The importance of this groundwork cannot be overstated. HMIS deployments fail when software assumptions collide with actual hospital process. August was about reducing that risk before go-live.

Kerala CARE crosses 200K registrations

The Kerala Palliative Care Grid continued to grow.

As of 31 August 2025, Kerala CARE had recorded 203,000 patient registrations and 535,000 home visits. The team held a series of review meetings with key stakeholders:

  • 9 August: joint review with NHM Kerala teams on Grid operations.
  • 25 August: review with district coordinators to evaluate performance and address operational queries.
  • 26 August: meeting with the Principal Directorate, LSGD, on progress and expansion.
  • 30 August: strategic review with the Principal Secretary to the Chief Minister on operations and next steps.
  • 8 September: technical review with Kerala Technical University, where the Grid was hosted.

The team also designed new questionnaires for Mid Level Service Providers and Janakeeya Arogya Kendram home care teams. ABDM integration steps were completed and the request for the benefit name was submitted, preparing Kerala CARE for alignment with national digital health infrastructure.

Institutional sustainability comes into focus

August also included a significant institutional thread.

Following discussions with Srikanth Nadhamuni and Sandeep Singhal, consensus was reached to establish a Section 8 not-for-profit company to advance Digital Public Goods. A detailed letter formalizing this alignment was shared with ACT IC.
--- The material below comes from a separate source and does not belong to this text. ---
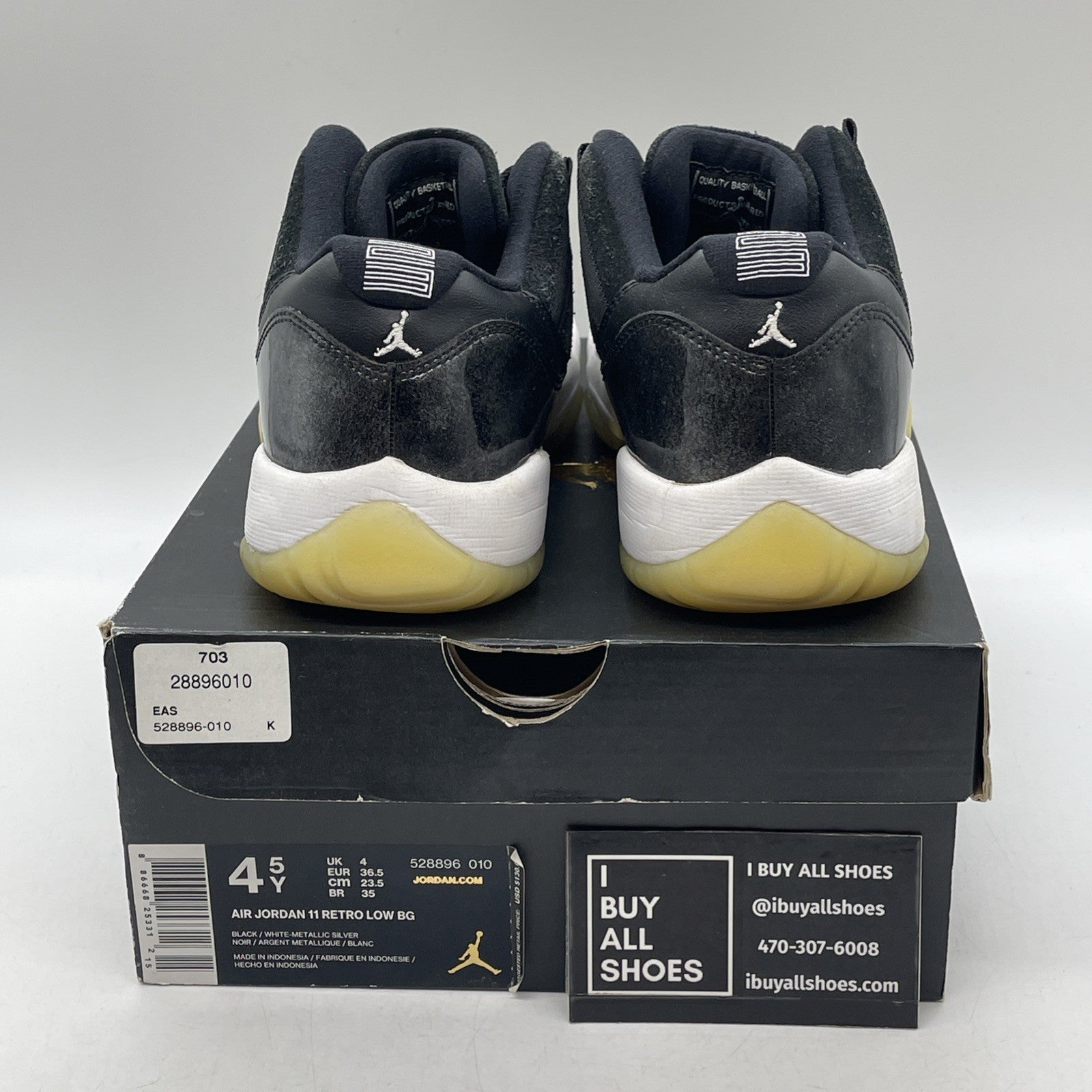 Size 4.5Y - Air Jordan 11 Retro Low Barons (528896-010)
The team also reviewed governance and compliance matters, including FCRA guidelines, memorandum and articles considerations, and legal frameworks. This work reflected a growing recognition that CARE needed an institutional home strong enough to steward an open-source health platform beyond any single grant or deployment.

From modules to choreography

August 2025 brought CARE closer to real hospital operation because it dealt with the choreography between modules.

Token management gave the platform a way to model patient flow across practitioners, departments, and service points. ERP plugin planning addressed the financial reality of hospitals. Sudheendra groundwork mapped CARE to an actual institutional environment. Kerala CARE continued scaling past 200,000 registrations. The sustainability conversation moved toward a dedicated foundation structure.

The central question was no longer whether lab, pharmacy, accounts, or appointments existed. It was whether they could work together inside the movement of a real hospital and a statewide public health program.